### Source material
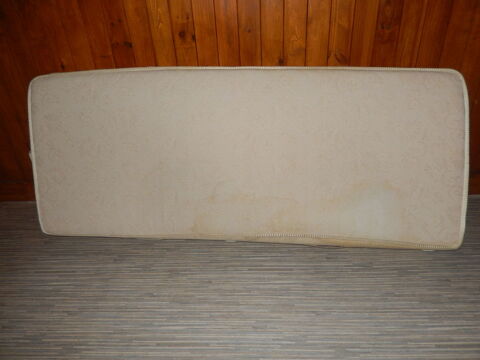 2 matelas 10 Saint-Jean-de-Losne (21)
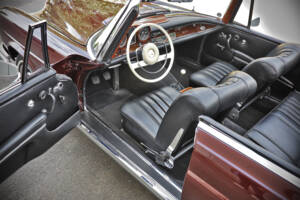 Immagine 31/71 di Mercedes-Benz 220 SE b (1961)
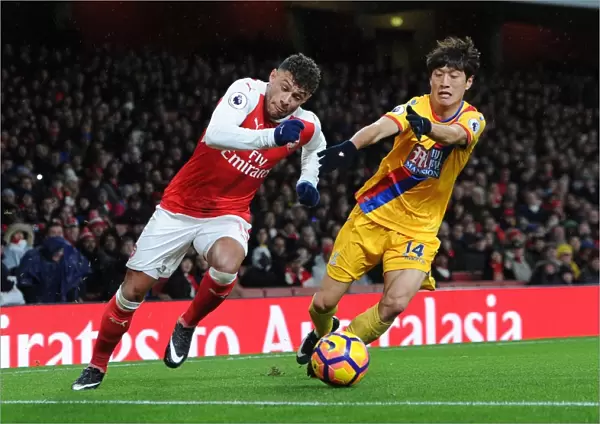 Arsenal's Alex Oxlade-Chamberlain Faces Off Against Crystal Palace's Chung-Yong Lee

### What is expected
Wherever a picture appears, omit it; copy the rest of the data exactly.

### Task result
 2 matelas 10 Saint-Jean-de-Losne (21)
 Immagine 31/71 di Mercedes-Benz 220 SE b (1961)
 Arsenal's Alex Oxlade-Chamberlain Faces Off Against Crystal Palace's Chung-Yong Lee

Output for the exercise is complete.